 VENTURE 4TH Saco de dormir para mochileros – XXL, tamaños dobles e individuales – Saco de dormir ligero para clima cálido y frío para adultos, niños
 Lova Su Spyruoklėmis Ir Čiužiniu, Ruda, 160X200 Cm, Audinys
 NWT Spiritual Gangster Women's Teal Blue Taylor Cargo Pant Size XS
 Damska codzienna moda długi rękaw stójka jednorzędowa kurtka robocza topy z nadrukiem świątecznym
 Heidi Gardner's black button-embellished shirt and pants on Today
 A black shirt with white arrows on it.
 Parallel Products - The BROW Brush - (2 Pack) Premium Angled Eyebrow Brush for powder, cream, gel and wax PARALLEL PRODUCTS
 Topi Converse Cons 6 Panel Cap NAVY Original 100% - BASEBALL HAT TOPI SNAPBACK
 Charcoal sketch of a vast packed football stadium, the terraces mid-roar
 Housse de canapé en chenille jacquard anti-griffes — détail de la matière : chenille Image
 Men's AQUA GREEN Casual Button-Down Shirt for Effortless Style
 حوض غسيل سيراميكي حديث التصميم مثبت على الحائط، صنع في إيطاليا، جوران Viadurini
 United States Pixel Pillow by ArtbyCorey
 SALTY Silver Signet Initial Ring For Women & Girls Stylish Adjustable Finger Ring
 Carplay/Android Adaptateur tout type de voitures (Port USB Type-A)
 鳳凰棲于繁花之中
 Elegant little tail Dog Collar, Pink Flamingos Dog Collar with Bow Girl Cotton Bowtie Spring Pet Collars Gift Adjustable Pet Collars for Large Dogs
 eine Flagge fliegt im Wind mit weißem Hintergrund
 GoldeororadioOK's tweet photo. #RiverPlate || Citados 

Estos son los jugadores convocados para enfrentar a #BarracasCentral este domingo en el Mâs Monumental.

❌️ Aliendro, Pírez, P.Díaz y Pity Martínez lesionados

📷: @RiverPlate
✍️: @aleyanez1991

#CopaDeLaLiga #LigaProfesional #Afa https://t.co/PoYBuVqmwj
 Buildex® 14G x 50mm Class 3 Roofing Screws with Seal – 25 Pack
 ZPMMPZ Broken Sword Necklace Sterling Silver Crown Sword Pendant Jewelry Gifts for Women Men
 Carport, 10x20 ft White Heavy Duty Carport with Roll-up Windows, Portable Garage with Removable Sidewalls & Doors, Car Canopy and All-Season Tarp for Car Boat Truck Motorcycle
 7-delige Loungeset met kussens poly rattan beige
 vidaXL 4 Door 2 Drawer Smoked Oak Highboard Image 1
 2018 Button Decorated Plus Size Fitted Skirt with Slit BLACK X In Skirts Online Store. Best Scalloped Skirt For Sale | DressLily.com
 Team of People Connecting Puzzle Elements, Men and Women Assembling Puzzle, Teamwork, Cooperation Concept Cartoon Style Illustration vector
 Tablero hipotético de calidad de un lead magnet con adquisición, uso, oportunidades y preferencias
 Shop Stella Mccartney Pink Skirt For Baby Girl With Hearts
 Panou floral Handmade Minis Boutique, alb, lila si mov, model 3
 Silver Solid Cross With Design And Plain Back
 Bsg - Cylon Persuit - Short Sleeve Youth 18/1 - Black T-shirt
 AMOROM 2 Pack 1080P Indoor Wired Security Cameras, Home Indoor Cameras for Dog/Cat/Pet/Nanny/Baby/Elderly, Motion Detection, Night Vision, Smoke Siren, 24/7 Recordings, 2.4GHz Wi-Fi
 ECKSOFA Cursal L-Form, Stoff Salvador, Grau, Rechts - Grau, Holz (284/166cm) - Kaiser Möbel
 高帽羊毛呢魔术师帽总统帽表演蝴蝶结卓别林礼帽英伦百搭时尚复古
════
Whole listing, every line: reproduce it exactly.

Reply to the task
 VENTURE 4TH Saco de dormir para mochileros – XXL, tamaños dobles e individuales – Saco de dormir ligero para clima cálido y frío para adultos, niños
 Lova Su Spyruoklėmis Ir Čiužiniu, Ruda, 160X200 Cm, Audinys
 NWT Spiritual Gangster Women's Teal Blue Taylor Cargo Pant Size XS
 Damska codzienna moda długi rękaw stójka jednorzędowa kurtka robocza topy z nadrukiem świątecznym
 Heidi Gardner's black button-embellished shirt and pants on Today
 A black shirt with white arrows on it.
 Parallel Products - The BROW Brush - (2 Pack) Premium Angled Eyebrow Brush for powder, cream, gel and wax PARALLEL PRODUCTS
 Topi Converse Cons 6 Panel Cap NAVY Original 100% - BASEBALL HAT TOPI SNAPBACK
 Charcoal sketch of a vast packed football stadium, the terraces mid-roar
 Housse de canapé en chenille jacquard anti-griffes — détail de la matière : chenille Image
 Men's AQUA GREEN Casual Button-Down Shirt for Effortless Style
 حوض غسيل سيراميكي حديث التصميم مثبت على الحائط، صنع في إيطاليا، جوران Viadurini
 United States Pixel Pillow by ArtbyCorey
 SALTY Silver Signet Initial Ring For Women & Girls Stylish Adjustable Finger Ring
 Carplay/Android Adaptateur tout type de voitures (Port USB Type-A)
 鳳凰棲于繁花之中
 Elegant little tail Dog Collar, Pink Flamingos Dog Collar with Bow Girl Cotton Bowtie Spring Pet Collars Gift Adjustable Pet Collars for Large Dogs
 eine Flagge fliegt im Wind mit weißem Hintergrund
 GoldeororadioOK's tweet photo. #RiverPlate || Citados 

Estos son los jugadores convocados para enfrentar a #BarracasCentral este domingo en el Mâs Monumental.

❌️ Aliendro, Pírez, P.Díaz y Pity Martínez lesionados

📷: @RiverPlate
✍️: @aleyanez1991

#CopaDeLaLiga #LigaProfesional #Afa https://t.co/PoYBuVqmwj
 Buildex® 14G x 50mm Class 3 Roofing Screws with Seal – 25 Pack
 ZPMMPZ Broken Sword Necklace Sterling Silver Crown Sword Pendant Jewelry Gifts for Women Men
 Carport, 10x20 ft White Heavy Duty Carport with Roll-up Windows, Portable Garage with Removable Sidewalls & Doors, Car Canopy and All-Season Tarp for Car Boat Truck Motorcycle
 7-delige Loungeset met kussens poly rattan beige
 vidaXL 4 Door 2 Drawer Smoked Oak Highboard Image 1
 2018 Button Decorated Plus Size Fitted Skirt with Slit BLACK X In Skirts Online Store. Best Scalloped Skirt For Sale | DressLily.com
 Team of People Connecting Puzzle Elements, Men and Women Assembling Puzzle, Teamwork, Cooperation Concept Cartoon Style Illustration vector
 Tablero hipotético de calidad de un lead magnet con adquisición, uso, oportunidades y preferencias
 Shop Stella Mccartney Pink Skirt For Baby Girl With Hearts
 Panou floral Handmade Minis Boutique, alb, lila si mov, model 3
 Silver Solid Cross With Design And Plain Back
 Bsg - Cylon Persuit - Short Sleeve Youth 18/1 - Black T-shirt
 AMOROM 2 Pack 1080P Indoor Wired Security Cameras, Home Indoor Cameras for Dog/Cat/Pet/Nanny/Baby/Elderly, Motion Detection, Night Vision, Smoke Siren, 24/7 Recordings, 2.4GHz Wi-Fi
 ECKSOFA Cursal L-Form, Stoff Salvador, Grau, Rechts - Grau, Holz (284/166cm) - Kaiser Möbel
 高帽羊毛呢魔术师帽总统帽表演蝴蝶结卓别林礼帽英伦百搭时尚复古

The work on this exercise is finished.